▸ **EXERCISE DIRECTIONS**
Reproduce the records that follow exactly as they are written.

- Opening Delimiter -

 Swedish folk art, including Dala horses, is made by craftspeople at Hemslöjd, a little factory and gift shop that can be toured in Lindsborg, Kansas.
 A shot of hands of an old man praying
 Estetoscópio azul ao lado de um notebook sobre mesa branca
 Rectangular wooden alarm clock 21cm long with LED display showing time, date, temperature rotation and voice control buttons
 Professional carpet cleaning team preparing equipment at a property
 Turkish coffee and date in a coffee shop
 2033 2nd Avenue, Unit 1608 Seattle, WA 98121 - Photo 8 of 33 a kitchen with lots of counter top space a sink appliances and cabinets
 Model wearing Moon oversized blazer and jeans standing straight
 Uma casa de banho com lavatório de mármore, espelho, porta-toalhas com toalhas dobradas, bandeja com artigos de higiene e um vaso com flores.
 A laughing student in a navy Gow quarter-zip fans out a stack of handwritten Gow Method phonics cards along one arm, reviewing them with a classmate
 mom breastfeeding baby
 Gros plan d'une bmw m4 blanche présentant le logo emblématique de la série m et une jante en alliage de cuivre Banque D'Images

- Closing Delimiter -

▸ **ANSWER SPACE**
 Swedish folk art, including Dala horses, is made by craftspeople at Hemslöjd, a little factory and gift shop that can be toured in Lindsborg, Kansas.
 A shot of hands of an old man praying
 Estetoscópio azul ao lado de um notebook sobre mesa branca
 Rectangular wooden alarm clock 21cm long with LED display showing time, date, temperature rotation and voice control buttons
 Professional carpet cleaning team preparing equipment at a property
 Turkish coffee and date in a coffee shop
 2033 2nd Avenue, Unit 1608 Seattle, WA 98121 - Photo 8 of 33 a kitchen with lots of counter top space a sink appliances and cabinets
 Model wearing Moon oversized blazer and jeans standing straight
 Uma casa de banho com lavatório de mármore, espelho, porta-toalhas com toalhas dobradas, bandeja com artigos de higiene e um vaso com flores.
 A laughing student in a navy Gow quarter-zip fans out a stack of handwritten Gow Method phonics cards along one arm, reviewing them with a classmate
 mom breastfeeding baby
 Gros plan d'une bmw m4 blanche présentant le logo emblématique de la série m et une jante en alliage de cuivre Banque D'Images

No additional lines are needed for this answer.